Nada ocurrió.
Los brazos de Neil estaban ahí para dejarme a salvo en el hielo, como si nada ocurriese.
-¡Muy bien! –Aplaudió mientras sonreía, con los ojos brillantes de la emoción. –Te dije que podías hacerlo.
Las piernas me fallaron y me derrumbé sobre él, mojando su camiseta con mis lágrimas.
-Gracias. –Susurré, apretándole con fuerza. –Yo… No era capaz ni de pasar por enfrente de la puerta. Pero… había olvidado lo divertido que es patinar. –Neil sujetó mi cabeza contra su pecho, dejándome hablar. –Nunca más podré llegar al nivel profesional, pero sí podría hacerlo para pasar el rato.
-Te conozco desde antes de que nos cruzáramos. –Confesó con aire ausente, sorprendiéndome. No dejó que me separara de él para verle la cara. –Tenemos que hablar.
La sombra del miedo cruzó mi mente un segundo.
No quería hacer desaparecer ni por un segundo la cálida sonrisa de Neil.
Me sacó de la pista y me sentó en una de las gradas, sacándome los patines como si estuviera descalzando a una princesa.
Ya no sonreía, por lo que algo frío decidió asentarse en mi alma.
-Neil, ¿qué pasa? –Pregunté, y tardé un rato en escuchar el timbre de ansiedad en mi propia voz angustiada.
-He hecho algo terrible. –Susurró, agobiado. Verlo de rodillas frente a mí con la cabeza gacha hizo que el corazón me latiese muy despacio. –Yo… No esperaba chocarme contigo en esa calle, pero… La verdad es que lo agradecí mucho, porque jamás habría reunido el coraje de hablar contigo. –Sentí unas ganas enormes de acariciarlo. Ahora era un perrito triste y quería consolarlo. –Vivo en el bloque de pisos que hay frente al tuyo. Puedo verte todas las mañanas por la ventana, cuando sales de la cama para desayunar y pasas por la cocina. Nunca me ves, porque siempre me escondo si miras. –Cuando por fin logró obtener el valor para mirarme a los ojos, su mirada pura y azulada se clavó en lo más profundo de mi alma. –Estás tan bonita… Tú… Dudo que puedas entender lo que sentí cuando me seguiste hasta esa cafetería.
El aire a mi alrededor desapareció, porque no se dignaba a llenar mis pulmones.

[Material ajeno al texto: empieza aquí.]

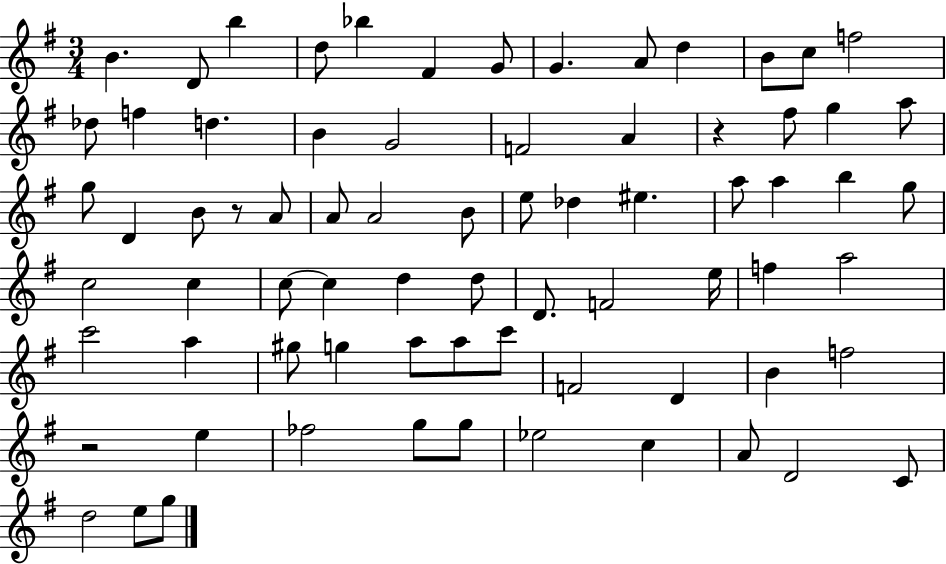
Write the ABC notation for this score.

X:1
T:Untitled
M:3/4
L:1/4
K:G
B D/2 b d/2 _b ^F G/2 G A/2 d B/2 c/2 f2 _d/2 f d B G2 F2 A z ^f/2 g a/2 g/2 D B/2 z/2 A/2 A/2 A2 B/2 e/2 _d ^e a/2 a b g/2 c2 c c/2 c d d/2 D/2 F2 e/4 f a2 c'2 a ^g/2 g a/2 a/2 c'/2 F2 D B f2 z2 e _f2 g/2 g/2 _e2 c A/2 D2 C/2 d2 e/2 g/2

Sus dedos acariciando suavemente mi mejilla para retirar después un mechón que se resistía a permanecer detrás de mi oreja eran lo más dulce que podía imaginar.
Quería abrazarle y no soltarle nunca más.
-¿Cómo… sabías todo eso de mí? –Pregunté, mordiéndome después el labio por no haberlo evitado.
-Bueno, supongo que no he sido del todo correcto. –Musitó, llevándose la mano a los ojos con cierto gesto frustrado. Después sonrió, cuando se dio cuenta de que yo sabía que estaba temblando. –Umm… Averigüé muchas cosas gracias a uno de tus vecinos, pero… Yo… sabía tu nombre de antes, Nara.
Ahora estaba avergonzado.
Era impresionante lo rápido que mostraba su rostro todo lo que bullía en su interior.
Le cogí la mano, animándole con la mirada a que siguiera hablando.
-¿Sí?
-Ay, Nara, eres tan linda. –Susurró, acariciándome una vez más con ternura. Las yemas de sus dedos que recorrieron mis labios temblaban. –Si te digo la verdad, no me creerás.
-Bueno… Puedes intentarlo. –Repliqué, más roja que las amapolas en primavera.
Este chico no tenía una idea cercana de todo lo que influía en mí.
Al escuchar eso le solté de pronto, cubriéndome el rostro con las manos.
¿Por qué siempre sonaba tan intenso cuando decía cosas de ese estilo?
-Mírame, Nara. Quiero seguir hablando.
Sus ojos eran una plegaria, un ruego.
Tiró de mis muñecas, pero no hizo falta que tirara mucho.
Sentía los brazos de gelatina y empezaba a darme vueltas todo.